What Pop Culture Taught Me About “Bad Boys”

It started, like so many of my teen ideologies, with Gilmore Girls.

“How could Rory leave Dean for Jess? Dean is nice. He carries her books, and she has a lot of books. Jess is surly. He has angst coming out of his pores. Why choose the bad boy over the nice guy?”

In this particular TV love triangle, I realize, there were other details in play besides the comfort of a nice guy (the pre-OKCupid definition) and the allure of the bad boy, like said boy’s ability to devour and interpret some classic lit.

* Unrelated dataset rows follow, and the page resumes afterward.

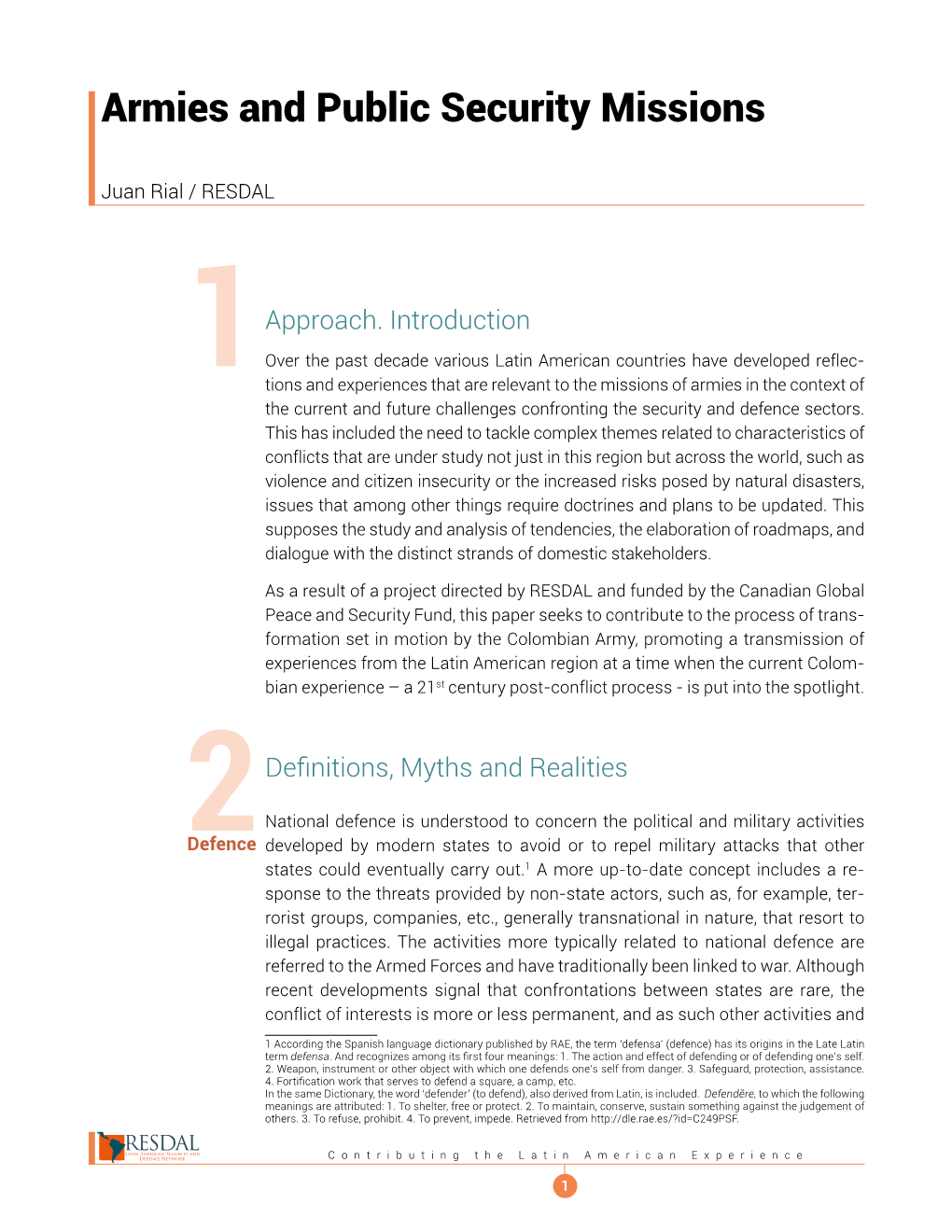 Armies and Public Security Missions Juan Rial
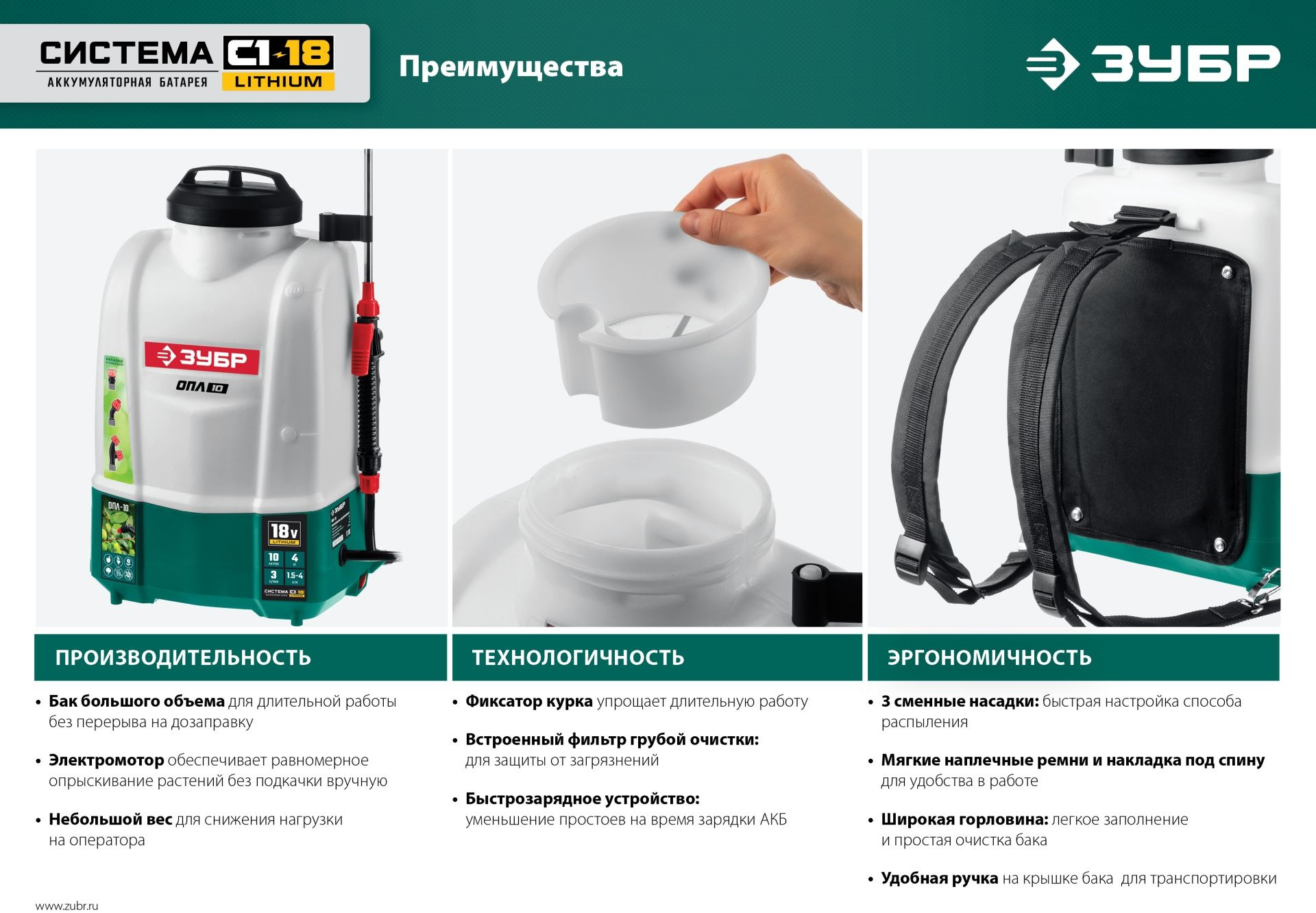 Опрыскиватель Зубр Мастер ОПЛ-15 аккум. наплеч. 15л белый/зеленый (ОПЛ-15) Опрыскиватель Зубр Мастер ОПЛ-15 аккум. наплеч. 15л белый/зеленый (ОПЛ-15)
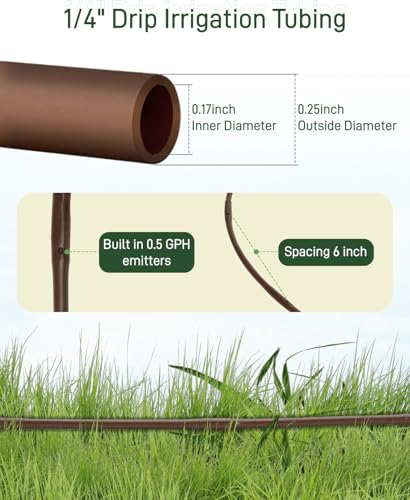 1/4" Drip Irrigation Tubing with 6" Emitter Spacing, (100 Ft Roll) Hydroponics Dripline with Built-in 0.5 GPH Dripper, Drip Line for Landscape Irrigation, Tree Watering and Greenhouses (Brown) - size: 100FT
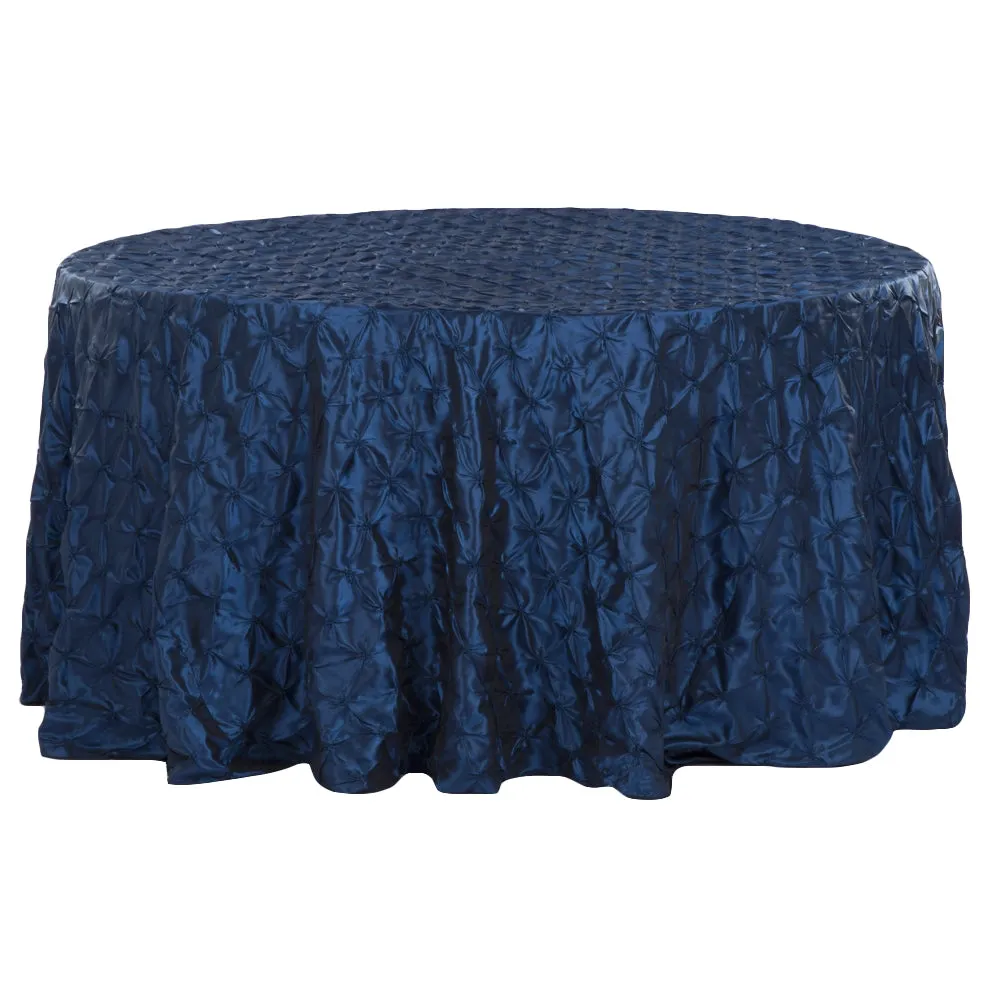 120" Pinchwheel Round Tablecloth - Navy Blue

But the discussions it led to made it clear that, like my preference for grapes over chocolate, my pull towards nice instead of bad also put me in the minority.

There are many types of bad boys, all of whom have strikes against them, as far as I’m concerned.

Grease’s Danny Zucko

Maybe deep down Danny just wanted to hug it out with his BFF and play footsie with Sandy, but to keep up his bad boy image he had to smirk more than he smiled. A good kind of bad boy for someone who wants to gently enter the bad girl life, but I’d never be able to pull off the black leather pants.

The OC’s Ryan Atwood

Oh god, the brooding. Brooding in the rain. Brooding while “Hide and Seek” plays in the background. The troubled bad boy isn’t actually that bad, but the bad rep comes from an exhausting Eeyore-like attitude. Give me a Seth any day.

Mad Men’s  Don Draper (the early seasons)

The worst type of bad boy is the charming one, the one who’ll smile and can even rock a tie but has the one giant vice, like being a serial cheater. That should send you running at top speed away from that grin. Plus, as Mad Men has taught us, the shiny facade of the charming bad boy will inevitably crumble.

Breaking Bad’s Jesse Pinkman

A dangerous bad boy, the sweet guy with a serious extracurricular bad streak (like selling meth) is the most dangerous kind. Your mind might tell you not to post his bail, but your heart is just going to remember that adorable expression.

Whatever the variation, I see more trouble than romance. Sure, a bad boy might keep things exciting and look good in a pair of dark sunglasses, but will he remember to pick you up from work when your car is at the shop? Will he be nice to your parents? Will he be able to enjoy a day at the beach without dying of heat stroke because he’s unwilling to remove the leather jacket that is both a metaphorical protection for his guarded heart and real protection against the knife of that guy he pissed off last night?

To return to another TV reference (as all decisions of the heart should be somehow rooted in Netflix marathons), I’m on Team Liz Lemon, not Team Jenna when it comes to relationships. I would much prefer comfortable over exciting. I know some people get a thrill from the idea of driving off into the sunset with a guy on a motorcycle, but I’d rather be with someone who wants to pull over and watch the sunset from the hood of his highly safety-rated car. But that’s just me.